TORONTO – It had been 29 years.

Nearly three decades.

Longer than Patrik Laine and Leo Komarov and Rasmus Ristolainen and most of the Finnish roster have been alive, actually.

That’s the last time Finland’s national hockey team went winless at an international senior men’s hockey tournament, back in 1987, at the Canada Cup. Until now, that is.

“It’s disappointing,” said Teuvo Teravainen, who was five years away from his first breath the last time this happened. “Feels like it’s over so quickly.”

Well, sadly for Finland, that’s because it is.

After a 3-0 loss to Russia Thursday afternoon, the Finns are finished after the round robin here at the World Cup, with an 0-3 record. Its two other losses came against North America and Sweden.

Even before the puck dropped Thursday, the Finns were out of this tournament, so you could assume this game meant nothing. You’d be wrong. There’s a big rivalry between these two nations, and Finland wanted to leave on a high note.

“I thought we started really well,” said Aleksander Barkov, who had one shot in the losing effort.

But the problem Thursday against Russia was the same one they’ve had all tournament long: The Finns couldn’t score. They managed just one goal in three games here.

“It was great defending by the opposite team, but of course if you don’t score you can’t win the games,” said Barkov. “And I think that’s the biggest thing in hockey—you have to score.”

The Florida Panthers forward wasn’t using his team’s inexperience as an excuse for their performance, though.

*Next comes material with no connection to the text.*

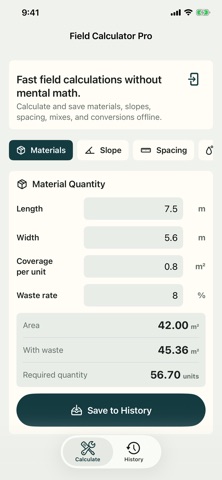 Field Calculator Pro Screenshot 1 of 5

“Of course we have a lot of young guys on the team but it shouldn’t be a problem because we have a North American young team here, they’re all young guns, young guys, and they’re playing well so it doesn’t matter if you’re young or not,” he said.

Goalie Tuukka Rask thinks their opener against North America, a 4-1 loss on Sunday, set the stage for a tough rest of the tournament.

As Barkov put it, “it should have been like 8-1 or something like that.”

“We just couldn’t handle the young guys,” said Rask, who made 20 saves on Thursday. “But the positive thing was how we responded after that against Sweden.”

True, Finland outplayed Sweden earlier this week. But again, they couldn’t score.

They had that same intensity to start off this one against Russia, but the game changed gears in the second when Alex Ovechkin threaded a perfect pass through a crowd, which Vladimir Tarasenko tapped in.

Seconds earlier, Finland’s Mikael Granlund had a great look on a one-timer, which he rang off the post.

An inch to the left and this game could’ve had a much different outcome. (And a win for Finland meant North America would advance to the semi-final instead of Russia, and play Canada.)

“You want to find the net, and when you don’t score and then Russia scores, it gets in your head right away,” said Teravainen, who had one shot on goal Thursday. “You need to get that ugly one and get the momentum.”

Instead, the momentum was Russia’s, and less than two minutes after the Tarasenko goal, Ivan Telegin got his first of the tournament when he found himself relatively alone in front, skated around the top of the crease and jammed one past Rask by the far post.

Then 3:39 into the third, Evgeni Malkin beat Rask short-side, and this one was all but over.

The Ru! Ssi! A! chants were full force, then.

“Sometimes you just need that one bounce to go in and that kind of opens things up, and we never got that,” Rask said.

And so the country that won silver at the world championships earlier this year and bronze at the last Olympics is done at the World Cup of Hockey.

“I think we created a lot of chances,” Teravainen said. “It just didn’t bounce at this tournament for us.”